DATA SECTION -
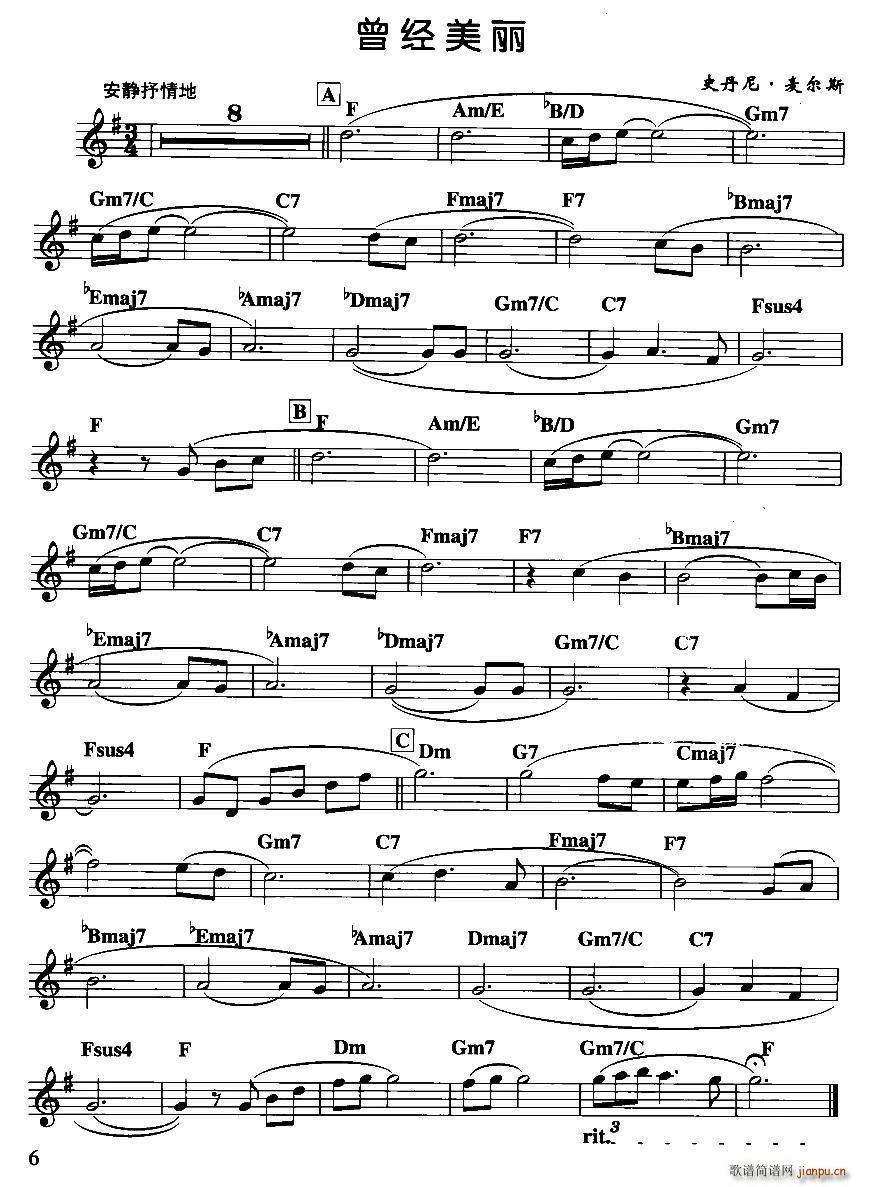 曾经美丽(四字歌谱)1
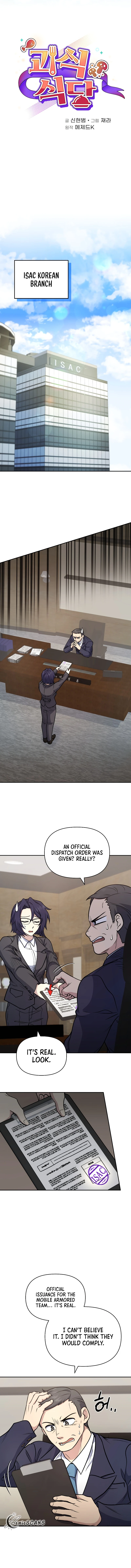 Chapter 37 - Image 3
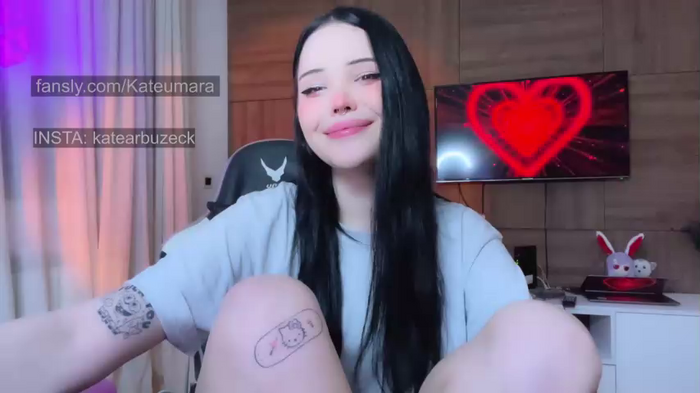 kateumaru
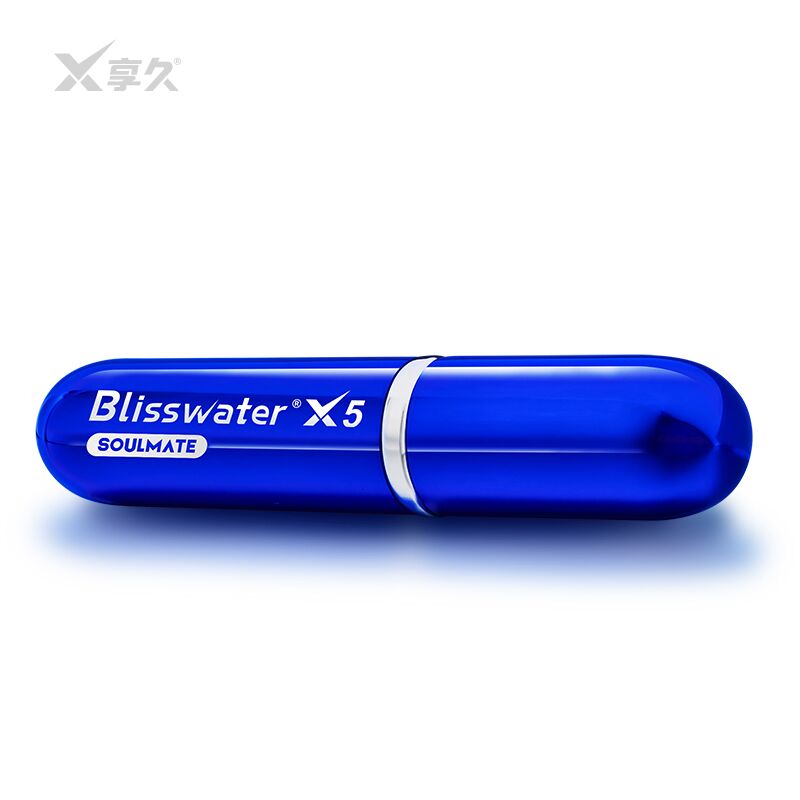 202505享久5代(3mL)喷剂主图-4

PROBLEM REQUIREMENTS -
The copy must match every line of the data exactly and contain no pictures.

ANSWER BOX -
 曾经美丽(四字歌谱)1
 Chapter 37 - Image 3
 kateumaru
 202505享久5代(3mL)喷剂主图-4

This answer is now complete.